Potencialmente ainda mais sérios do que os problemas de saúde ligados aos baixos niveis de vazamento de radiação associado com o reprocessamento é a questão de estocar o lixo nuclear tóxico. Uma consequência direta de produzir eletricidade com reatores nucleares é a acumulação de dejetos radioativos, urânio e plutônio. Fora a geração de eletricidade, há uma significativa quantidade de plutônio produzido para propósitos militares, que também são estocados. Para dar uma idéia da escala do problema, a quantidade de dejeto nuclear estocados nos EUA em 1991 era de 4.900 metros cúbicos , com radioatividade de 24.000 MCi (um curie é uma quantia de radioatividade, MCi é um milhão de curies). Para pôr isso em perspectiva, uma típica fonte de radioatividade usada numa sala de aula para experimentos de ciências tem uma atividade de um milionésimo de curie. Numa média de mil megawatts (MW – um milhão de watts), o reator de uma estação nuclear tem um total de radioatividade de 70 MCi em seu interior um ano depois de desligada. Depois de 100.000 anos esta figura irá cair naturalmente para 2 MCi, ainda 2 bilhões de vezes mais radioativas do que uma fonte típica usada em uma sala de aula (Há muito mais dejetos para estocar agora, comparado a 1991, e a quantia aumenta todo o tempo).
A implicação deste dado é que um método de estocagem seguro precisa garantir a segurança para mais de 100 mil anos, uma tarefa que coloca enormes incertezas e problemas porque é dificil prever quais serão as condições sociais depois deste tempo. Se o dejeto é enterrado, o começo de terremotos em áreas anteriormente inafetadas é possivel, por exemplo. Se ele é colocado no fundo do oceano a integridade dos materiais usados na contenção podem ficar instáveis depois de muito tempo, possivelmente levando a um vazamento. Também uma atividade vulcânica submarina pode começar, produzindo o mesmo resultado.
Dificuldades técnicas, e a compreensivel oposição das comunidades locais de onde é proposto estocar o lixo, significa que provavelmente irá levar pelo menos outros dez anos antes que qualquer suposto sítio seguro esteja pronto nos EUA, e outros 20 na Europa.

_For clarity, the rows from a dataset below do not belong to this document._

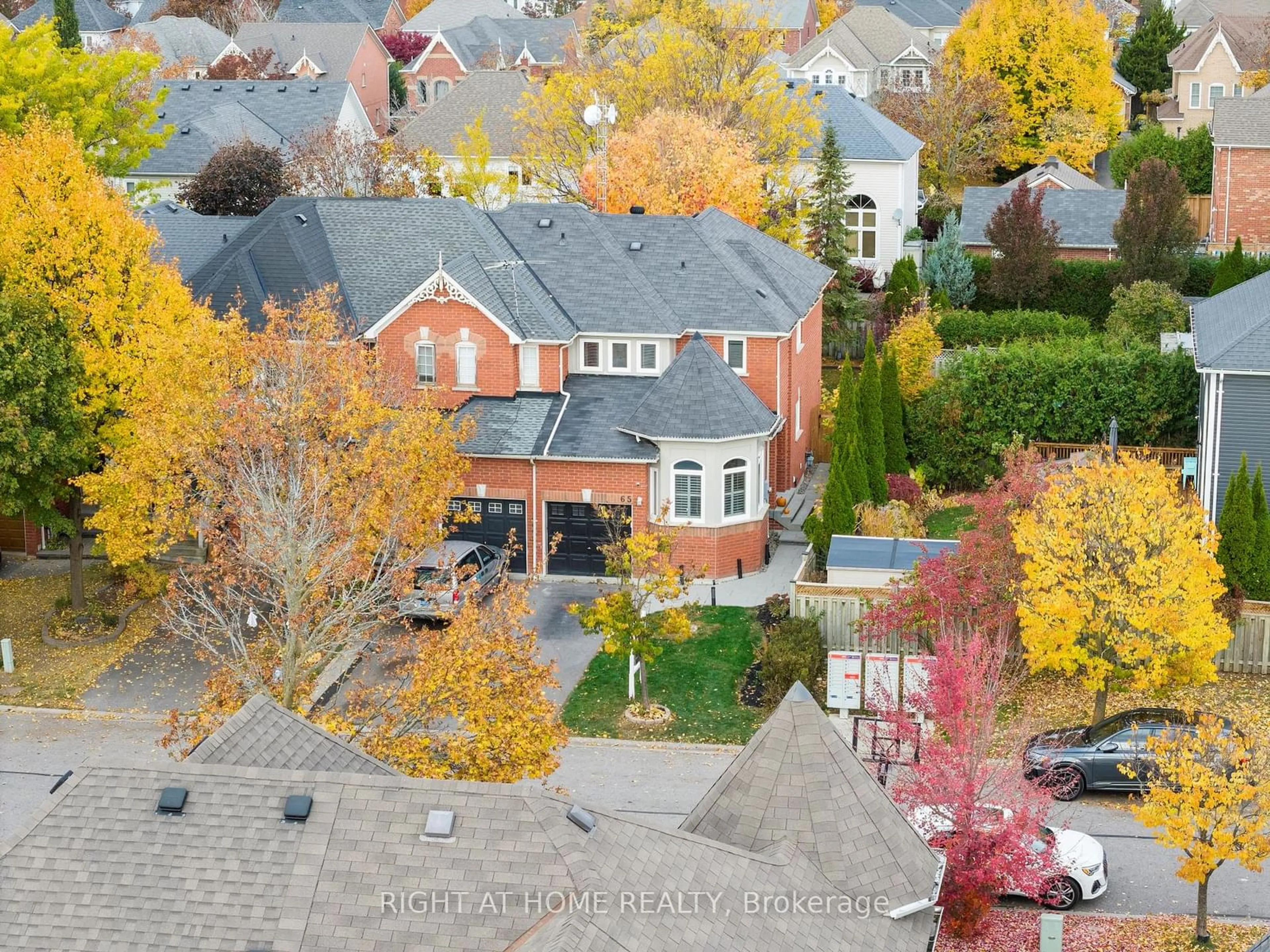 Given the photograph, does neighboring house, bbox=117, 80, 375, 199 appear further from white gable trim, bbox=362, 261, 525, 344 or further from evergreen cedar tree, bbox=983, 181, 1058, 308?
white gable trim, bbox=362, 261, 525, 344

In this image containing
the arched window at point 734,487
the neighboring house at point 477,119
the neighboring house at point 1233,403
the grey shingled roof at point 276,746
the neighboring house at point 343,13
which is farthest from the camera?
the neighboring house at point 343,13

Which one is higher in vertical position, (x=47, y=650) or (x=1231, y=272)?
(x=1231, y=272)

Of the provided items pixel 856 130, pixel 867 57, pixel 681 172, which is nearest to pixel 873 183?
pixel 856 130

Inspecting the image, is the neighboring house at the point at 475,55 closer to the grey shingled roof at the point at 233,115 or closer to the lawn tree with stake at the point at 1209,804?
Result: the grey shingled roof at the point at 233,115

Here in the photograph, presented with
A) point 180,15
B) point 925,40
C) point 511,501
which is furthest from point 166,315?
point 180,15

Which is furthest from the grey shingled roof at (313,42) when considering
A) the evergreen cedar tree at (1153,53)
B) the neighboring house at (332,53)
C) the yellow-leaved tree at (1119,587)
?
the yellow-leaved tree at (1119,587)

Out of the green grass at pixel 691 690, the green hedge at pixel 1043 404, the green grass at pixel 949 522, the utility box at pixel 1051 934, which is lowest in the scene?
the utility box at pixel 1051 934

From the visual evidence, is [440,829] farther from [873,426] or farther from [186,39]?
[186,39]

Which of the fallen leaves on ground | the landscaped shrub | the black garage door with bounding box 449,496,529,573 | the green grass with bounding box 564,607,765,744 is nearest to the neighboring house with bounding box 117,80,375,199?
the black garage door with bounding box 449,496,529,573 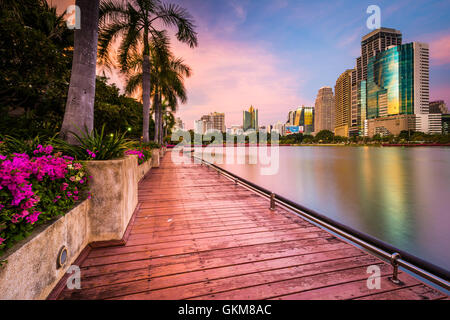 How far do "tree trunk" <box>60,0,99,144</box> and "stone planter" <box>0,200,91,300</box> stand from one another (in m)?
1.86

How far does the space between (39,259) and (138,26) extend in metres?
11.8

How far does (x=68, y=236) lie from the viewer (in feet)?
7.36

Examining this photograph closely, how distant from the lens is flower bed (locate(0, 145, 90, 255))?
1.54 metres

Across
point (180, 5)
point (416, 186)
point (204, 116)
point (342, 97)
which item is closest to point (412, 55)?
point (342, 97)

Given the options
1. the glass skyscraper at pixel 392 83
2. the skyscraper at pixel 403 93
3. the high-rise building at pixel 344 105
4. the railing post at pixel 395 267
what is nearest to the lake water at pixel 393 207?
the railing post at pixel 395 267

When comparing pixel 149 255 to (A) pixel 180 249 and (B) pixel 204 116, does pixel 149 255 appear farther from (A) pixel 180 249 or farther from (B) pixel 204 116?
(B) pixel 204 116

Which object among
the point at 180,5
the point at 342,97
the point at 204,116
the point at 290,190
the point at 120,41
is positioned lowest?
the point at 290,190

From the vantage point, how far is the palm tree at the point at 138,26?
915 centimetres

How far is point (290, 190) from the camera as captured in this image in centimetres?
1530

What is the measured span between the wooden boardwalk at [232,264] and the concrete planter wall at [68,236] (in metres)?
0.22

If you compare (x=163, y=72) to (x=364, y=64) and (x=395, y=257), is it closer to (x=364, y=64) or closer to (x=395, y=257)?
(x=395, y=257)

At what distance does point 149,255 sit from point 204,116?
560 ft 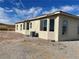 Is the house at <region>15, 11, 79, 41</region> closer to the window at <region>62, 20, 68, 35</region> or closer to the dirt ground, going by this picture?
the window at <region>62, 20, 68, 35</region>

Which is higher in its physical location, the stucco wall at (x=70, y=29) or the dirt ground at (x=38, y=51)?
the stucco wall at (x=70, y=29)

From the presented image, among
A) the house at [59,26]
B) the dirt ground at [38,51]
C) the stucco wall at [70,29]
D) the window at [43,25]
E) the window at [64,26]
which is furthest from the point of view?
the window at [43,25]

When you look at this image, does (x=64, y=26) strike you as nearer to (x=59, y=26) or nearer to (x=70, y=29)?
(x=59, y=26)

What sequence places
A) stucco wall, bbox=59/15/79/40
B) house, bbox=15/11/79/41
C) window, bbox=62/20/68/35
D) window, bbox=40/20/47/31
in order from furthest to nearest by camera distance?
window, bbox=40/20/47/31
window, bbox=62/20/68/35
stucco wall, bbox=59/15/79/40
house, bbox=15/11/79/41

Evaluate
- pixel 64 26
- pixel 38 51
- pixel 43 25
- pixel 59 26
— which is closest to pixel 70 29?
pixel 64 26

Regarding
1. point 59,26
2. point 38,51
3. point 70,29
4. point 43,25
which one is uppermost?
point 43,25

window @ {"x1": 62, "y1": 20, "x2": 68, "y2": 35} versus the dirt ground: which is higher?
window @ {"x1": 62, "y1": 20, "x2": 68, "y2": 35}

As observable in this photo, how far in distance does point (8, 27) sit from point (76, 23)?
3819 centimetres

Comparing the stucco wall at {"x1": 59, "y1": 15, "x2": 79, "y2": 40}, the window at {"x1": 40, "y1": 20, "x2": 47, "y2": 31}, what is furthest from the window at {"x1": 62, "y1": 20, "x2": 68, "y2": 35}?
the window at {"x1": 40, "y1": 20, "x2": 47, "y2": 31}

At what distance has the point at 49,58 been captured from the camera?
6414 millimetres

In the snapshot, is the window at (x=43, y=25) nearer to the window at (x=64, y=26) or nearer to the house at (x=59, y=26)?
the house at (x=59, y=26)

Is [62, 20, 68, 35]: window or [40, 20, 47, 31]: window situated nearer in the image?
[62, 20, 68, 35]: window

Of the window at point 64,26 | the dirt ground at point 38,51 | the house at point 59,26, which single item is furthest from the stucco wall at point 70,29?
the dirt ground at point 38,51

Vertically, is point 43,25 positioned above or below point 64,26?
above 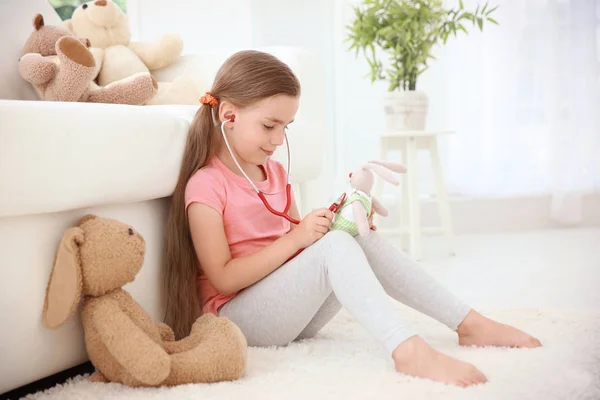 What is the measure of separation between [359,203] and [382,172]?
2.5 inches

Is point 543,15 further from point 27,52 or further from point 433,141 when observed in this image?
point 27,52

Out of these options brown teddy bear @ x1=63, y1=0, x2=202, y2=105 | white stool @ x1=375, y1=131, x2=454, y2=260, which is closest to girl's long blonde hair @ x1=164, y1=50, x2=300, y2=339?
brown teddy bear @ x1=63, y1=0, x2=202, y2=105

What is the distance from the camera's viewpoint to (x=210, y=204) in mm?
1245

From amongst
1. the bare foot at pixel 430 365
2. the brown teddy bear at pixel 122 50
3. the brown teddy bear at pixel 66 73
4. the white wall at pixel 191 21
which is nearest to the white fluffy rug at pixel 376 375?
the bare foot at pixel 430 365

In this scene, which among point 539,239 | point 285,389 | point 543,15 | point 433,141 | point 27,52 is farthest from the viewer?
point 543,15

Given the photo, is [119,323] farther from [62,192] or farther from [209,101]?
[209,101]

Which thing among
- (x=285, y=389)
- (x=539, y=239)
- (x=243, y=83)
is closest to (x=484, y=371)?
(x=285, y=389)

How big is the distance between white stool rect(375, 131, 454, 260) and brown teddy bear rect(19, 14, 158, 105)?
108 centimetres

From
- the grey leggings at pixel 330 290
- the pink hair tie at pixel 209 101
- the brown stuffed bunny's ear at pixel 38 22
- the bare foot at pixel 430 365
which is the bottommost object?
the bare foot at pixel 430 365

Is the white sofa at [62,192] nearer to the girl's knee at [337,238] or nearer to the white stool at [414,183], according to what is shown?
the girl's knee at [337,238]

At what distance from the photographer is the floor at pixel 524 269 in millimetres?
1778

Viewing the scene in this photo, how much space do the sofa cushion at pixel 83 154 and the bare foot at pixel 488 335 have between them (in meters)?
0.57

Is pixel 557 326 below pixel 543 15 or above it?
below

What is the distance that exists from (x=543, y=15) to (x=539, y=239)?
96 centimetres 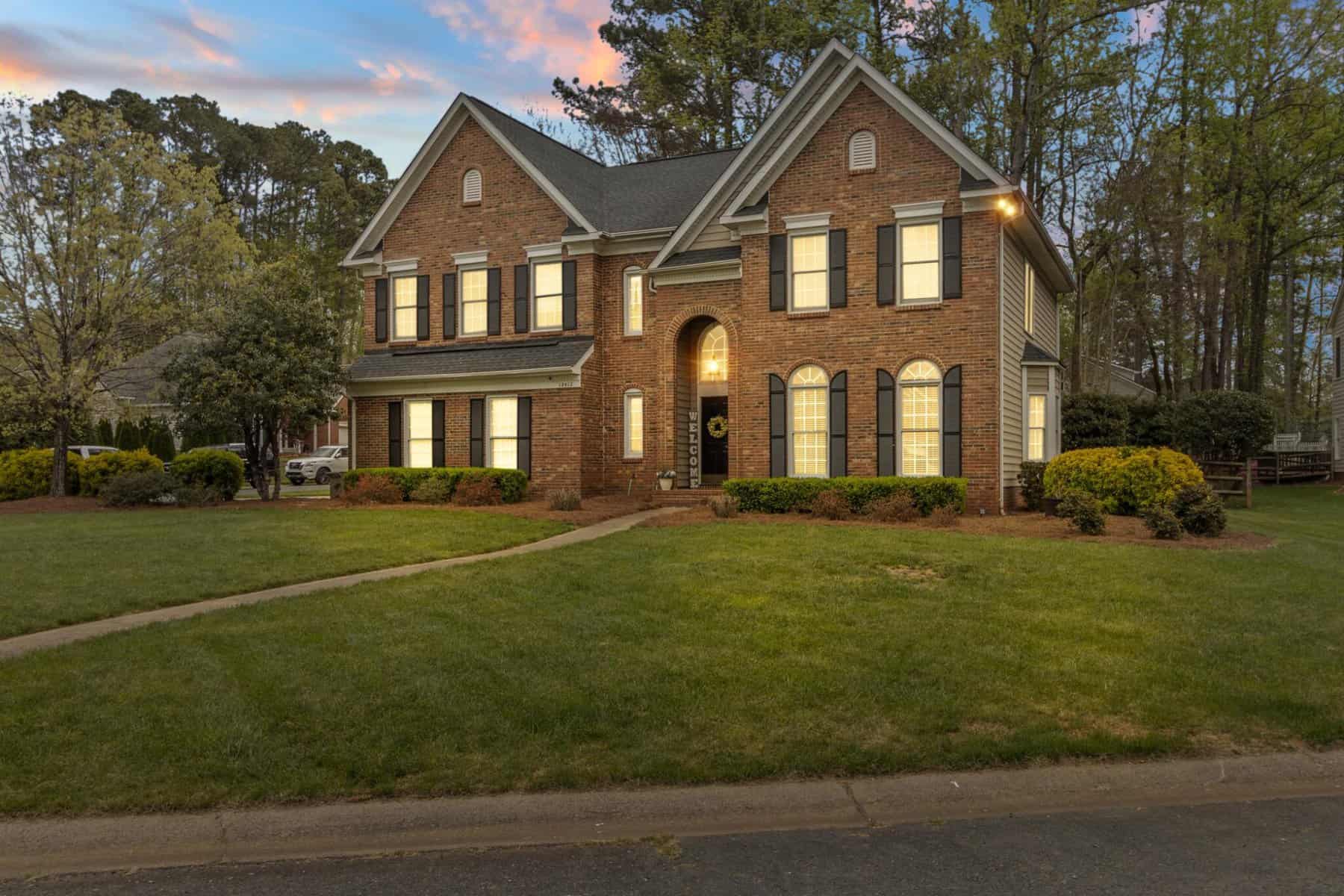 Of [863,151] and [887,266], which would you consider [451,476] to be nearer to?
[887,266]

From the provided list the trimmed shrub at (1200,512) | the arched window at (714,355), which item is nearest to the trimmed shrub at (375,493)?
the arched window at (714,355)

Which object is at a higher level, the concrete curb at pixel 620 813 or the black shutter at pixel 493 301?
the black shutter at pixel 493 301

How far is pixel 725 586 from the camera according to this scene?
380 inches

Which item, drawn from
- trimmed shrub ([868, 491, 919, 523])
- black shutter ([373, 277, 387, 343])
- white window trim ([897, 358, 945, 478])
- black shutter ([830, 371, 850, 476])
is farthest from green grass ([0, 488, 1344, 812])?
black shutter ([373, 277, 387, 343])

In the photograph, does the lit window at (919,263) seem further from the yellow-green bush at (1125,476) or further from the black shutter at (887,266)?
the yellow-green bush at (1125,476)

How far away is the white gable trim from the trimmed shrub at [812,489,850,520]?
9.69m

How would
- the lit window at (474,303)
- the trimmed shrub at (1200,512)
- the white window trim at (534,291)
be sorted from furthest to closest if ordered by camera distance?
the lit window at (474,303) → the white window trim at (534,291) → the trimmed shrub at (1200,512)

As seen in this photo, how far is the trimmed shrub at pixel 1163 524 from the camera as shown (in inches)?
512

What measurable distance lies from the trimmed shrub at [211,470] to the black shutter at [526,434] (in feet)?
24.5

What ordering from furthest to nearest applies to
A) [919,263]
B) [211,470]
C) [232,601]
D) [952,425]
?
[211,470] < [919,263] < [952,425] < [232,601]

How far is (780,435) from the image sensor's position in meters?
19.5

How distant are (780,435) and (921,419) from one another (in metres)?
2.94

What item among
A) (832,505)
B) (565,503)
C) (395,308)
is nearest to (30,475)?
(395,308)

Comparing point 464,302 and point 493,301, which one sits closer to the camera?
point 493,301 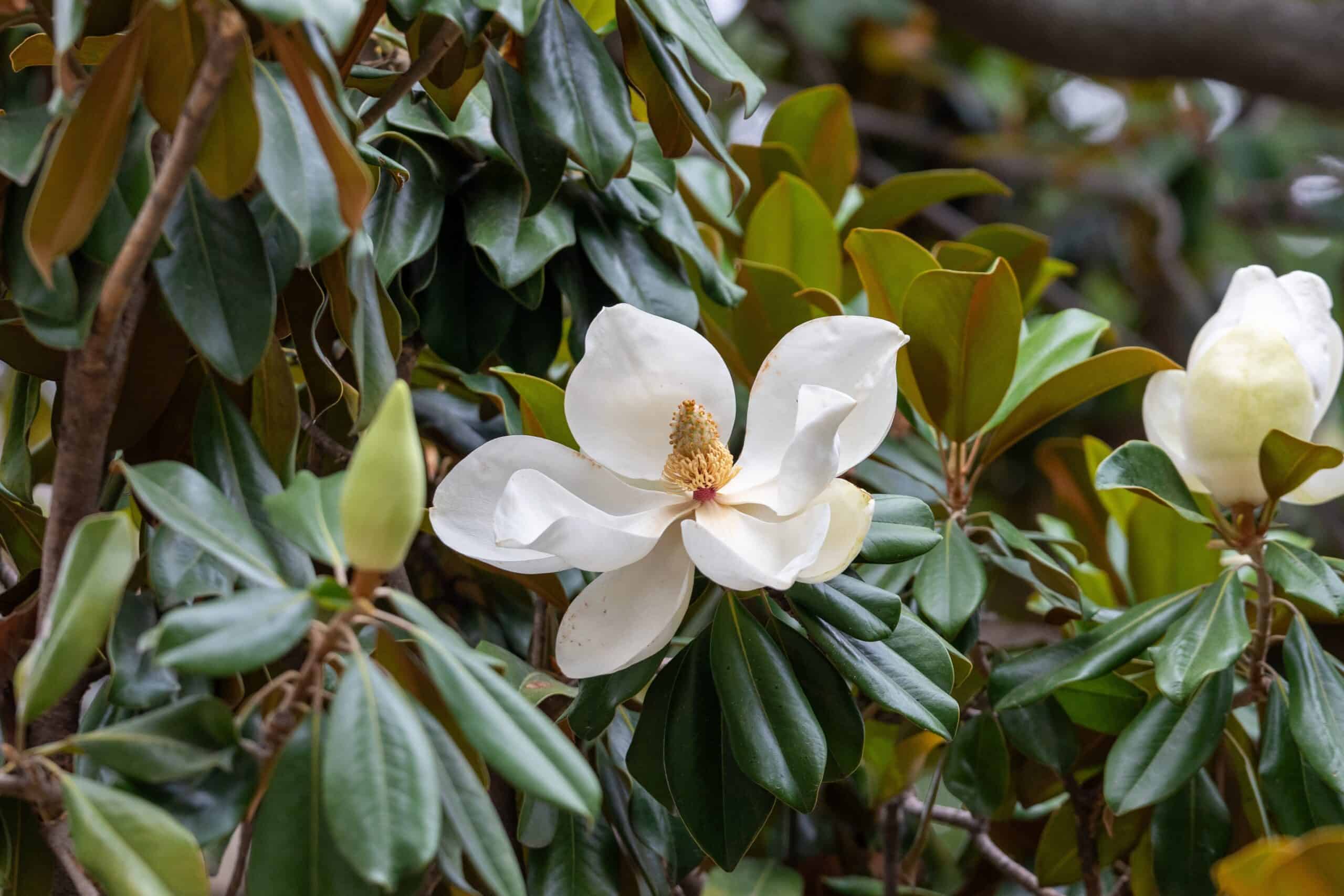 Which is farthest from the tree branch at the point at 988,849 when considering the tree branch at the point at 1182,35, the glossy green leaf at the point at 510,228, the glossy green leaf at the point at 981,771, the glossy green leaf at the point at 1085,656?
the tree branch at the point at 1182,35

Neste meio tempo, muito do lixo tóxico do Ocidente está sendo armazenado nos países pobres.
Uma nova direção pró-nuclear
Desde que o 20º aniversário de Chernobyl coincide com o inicio de uma nova direção pró-nuclear da classe capitalista na Grã-Bretanha e internacionalmente, comemorar as vítimas do desastre na Ucrânia seria embaraçoso para Bush e Blair, eles tentarão se esquivar tanto quanto possivel. Isto pode tomar a forma de distorção sobre o verdadeiro impacto de Chernobyl, uma campanha que já começou em alguns setores da mídia.
A necessidade política de uma nova situação pró-nuclear,que a comemoração de Chernobyl ameaça em seu caminho, é um resultado direto da crescente ameaça do aquecimento global, uma realidade que a maioria dos capitalistas aceitam agora como um fato científico e tem de forma tardia começado a responder a isso. Na Grã-Bretanha anunciou um ‘diálogo nacional’ sobre expandir o poder nuclear, que traduzida do idioma de Blair signifiva que ele já tomou a decisão de ir adiante e o diálogo que ele quer é sobre a melhor maneira de vender a idéia. Outros “líderes” mundiais estão se movendo na mesma direção porque percebem que o tratado de Kyoto, com sua abordagem pró-mercado ao atacar a mudança climática, provou ser totalmente ineficiente. Apesar do apoio retórico barulhento a Kyoto (exceto de Bush), a iminente virada nuclear é um reconhecimento de sua bancarrota.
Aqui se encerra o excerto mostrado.